Friday, March 14, 2025
Sam Altman’s 8-Word Response to Meta’s Rumored ChatGPT Clone Is a Master Class
According to CNBC, Meta plans to launch a standalone app for AI during the second quarter of this year. There are few details available about what that might mean, except that it seems likely Meta will charge a monthly subscription, in line with existing players like ChatGPT, Anthropic’s Claude, and Google’s Gemini.
If you’re the CEO of one of those companies, you’re probably thinking about how that might affect your business. After all, Meta is one of the largest companies in the world, with more than three billion users.
But OpenAI CEO Sam Altman doesn’t seem all that worried. In a response posted on X, Altman suggested that his company will just “Uno reverse them,” and “do a social app” of its own.
Look, I don’t think that OpenAI is launching some kind “ChatGPT With Friends” social app any time soon, but those eight words—”ok fine maybe we’ll do a social app”—are actually an interesting lesson.
First of all, it should have been obvious to anyone paying attention that Meta would do this. Meta has never seen a good idea it wasn’t happy to steal from a competitor.

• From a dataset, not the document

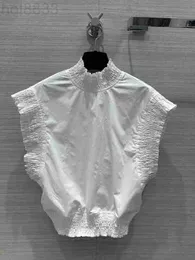 Женские блузкие рубашки дизайнер Милан Уампин 2023 Новый весенний летний бренд белый воротник и тот же стиль женский L3HN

In fact, almost every widely used feature in any of Meta’s apps started elsewhere. It’s kind of Mark Zuckerberg’s thing to see what the competition is doing and try to cut it off by just co-opting whatever feature people seem to love. You might argue it’s a gift, really. It has certainly been a successful model.
Also, if Meta is serious about its AI chat ambitions, a standalone app seems like the only way to get there. I’m sure there are people who use Meta AI within the company’s various apps, but I’ve never talked to anyone who opens Instagram to chat with AI. They go to see what their friends are up to or get inspired by photos of other people’s lives, or to share funny videos.
Still, this would represent an interesting change to Meta’s business model, which typically involves free apps and services that mostly serve as a way to target users with personalized ads. It makes sense that Meta would have to charge—AI inference is far more expensive than serving posts and showing ads—but this is a big shift.
Meta is very much a consumer brand, which could expose generative AI tools to a much wider audience. I think a standalone Meta AI app could pose a real threat to ChatGPT in ways that other competitors have not. ChatGPT’s biggest advantage has been that it was first and its name is synonymous with AI for a lot of people. At the same time, it seems as though most of the people paying for ChatGPT or other similar AI tools are doing so for work or business reasons. I’m not sure how many of them will pay for another one.
The most important thing here, however, is that Altman’s response is kind of perfect. No, not the part about OpenAI introducing a social app. I doubt that will actually happen—though I agree it would be funny, even if just on principle.
Altman’s response does two things that serve as a master class to handling this kind of situation. First, and most important, it’s funny. Altman has mastered the art of reading the room and knowing his audience. On social media, Altman comes across as laid back and unaffected by the challenge to his business. I have no idea what he’s like in person, but this is the exact right way to respond in this environment.
Second, Altman manages to highlight the biggest criticism you can make about Meta, which is the part where all of its best features are just copies of other people’s ideas. There’s not a lot you can do about that, except stay focused on what you’re doing instead of getting distracted by the threat of Meta coming for your business.
If you look how quickly Meta was able to spin up Threads just by leveraging its existing social graph, there is no doubt in my mind that it could easily launch an app and have a few hundred million users in a short amount of time. If you’re Sam Altman, there is almost nothing you can do about that except continue making your product better. Oh, and have a sense of humor about the whole thing.